*** Opening DATA BLOCK ***

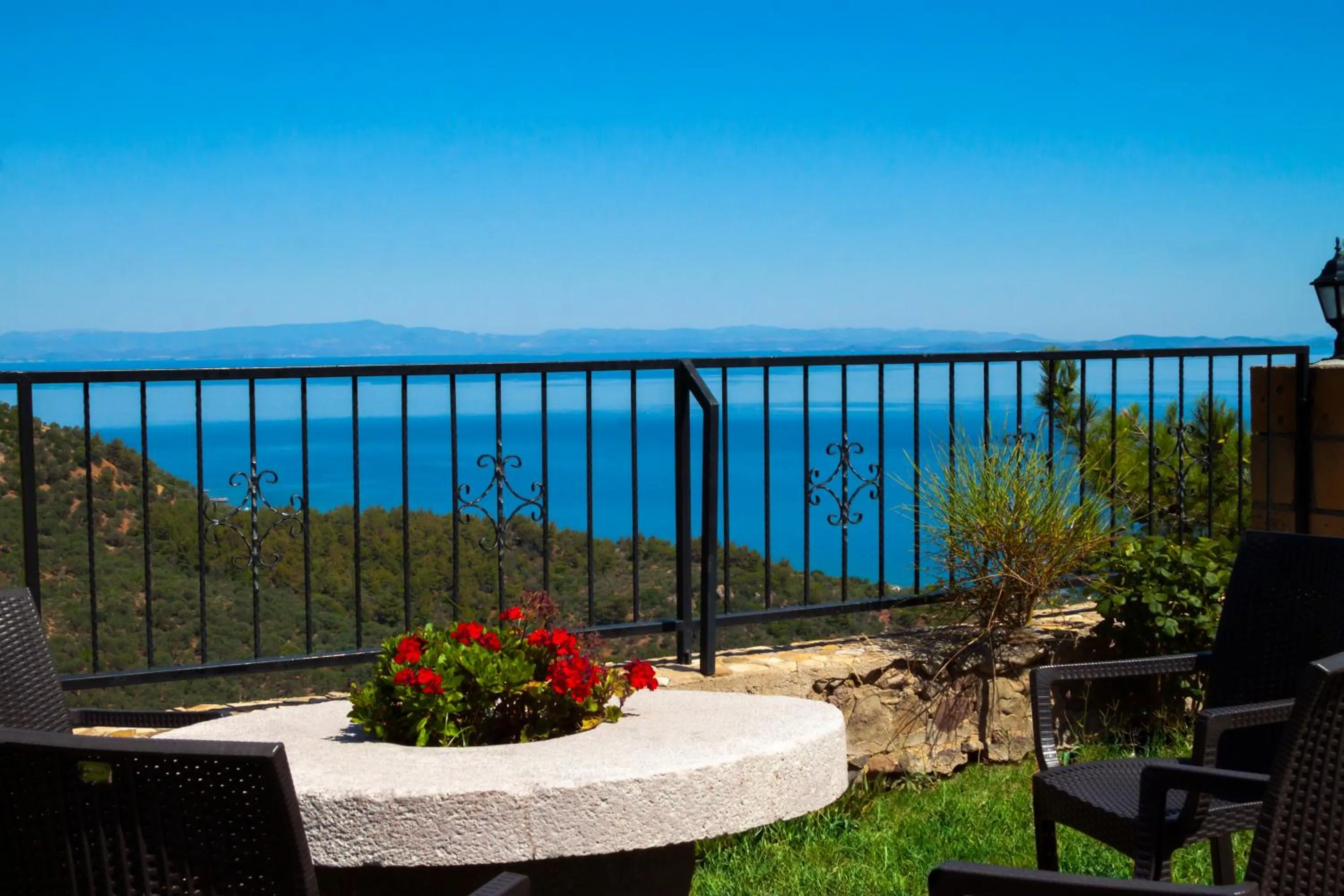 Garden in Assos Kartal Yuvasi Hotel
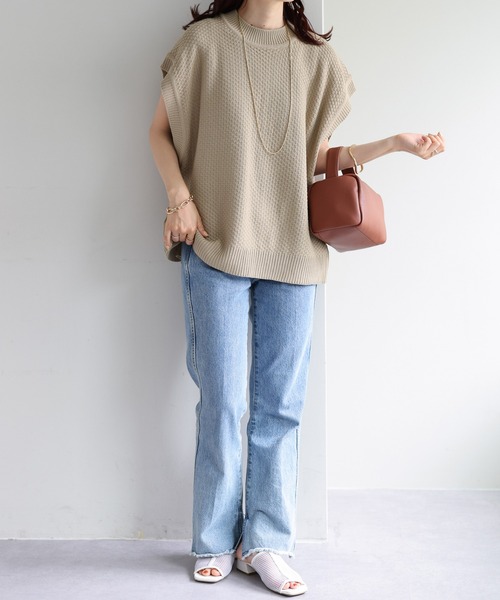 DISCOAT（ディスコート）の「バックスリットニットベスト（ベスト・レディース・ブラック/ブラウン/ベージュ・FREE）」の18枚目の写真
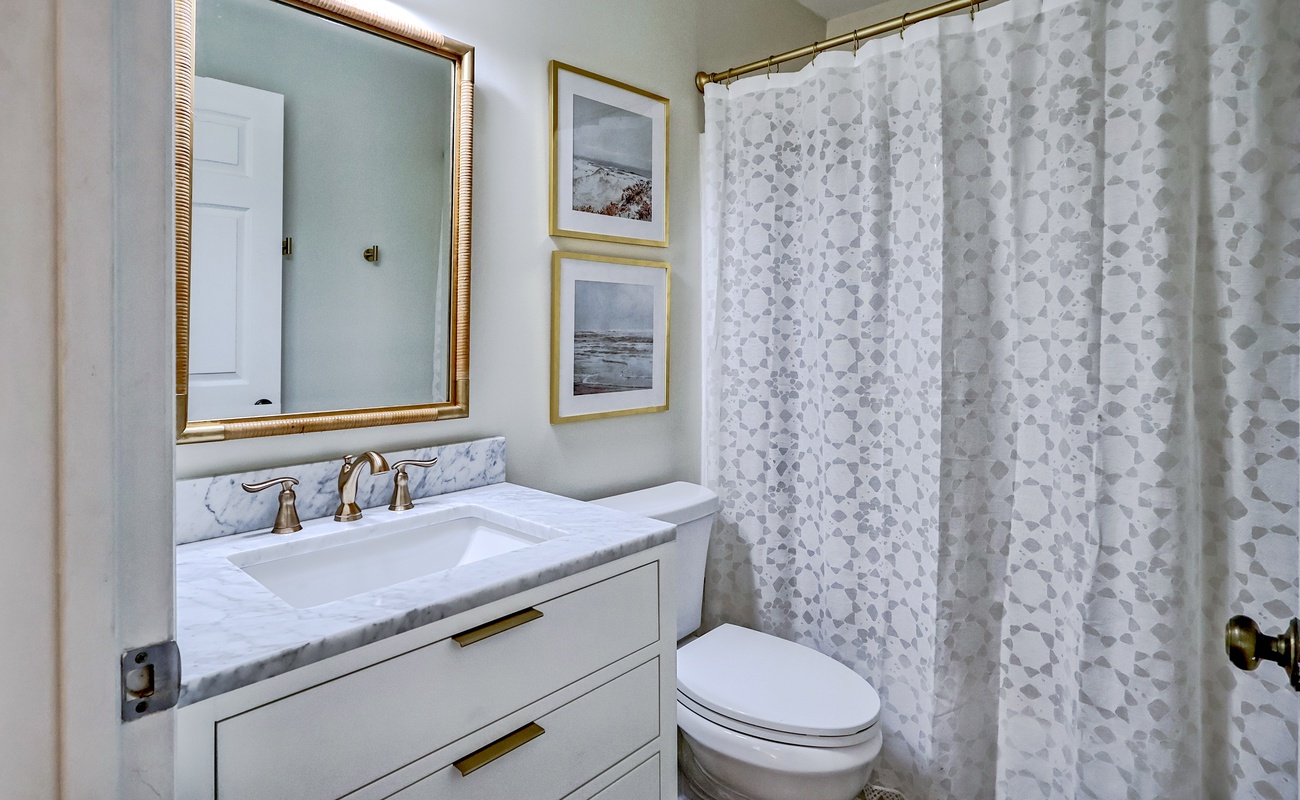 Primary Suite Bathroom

*** Closing DATA BLOCK ***

YOUR INSTRUCTIONS>
The range to set down runs from the line containing "DISCOAT（ディスコート" through the final line of the data, both ends included; give it exactly and drop the pictures.

RESPONSE TO THIS TASK>
 DISCOAT（ディスコート）の「バックスリットニットベスト（ベスト・レディース・ブラック/ブラウン/ベージュ・FREE）」の18枚目の写真
 Primary Suite Bathroom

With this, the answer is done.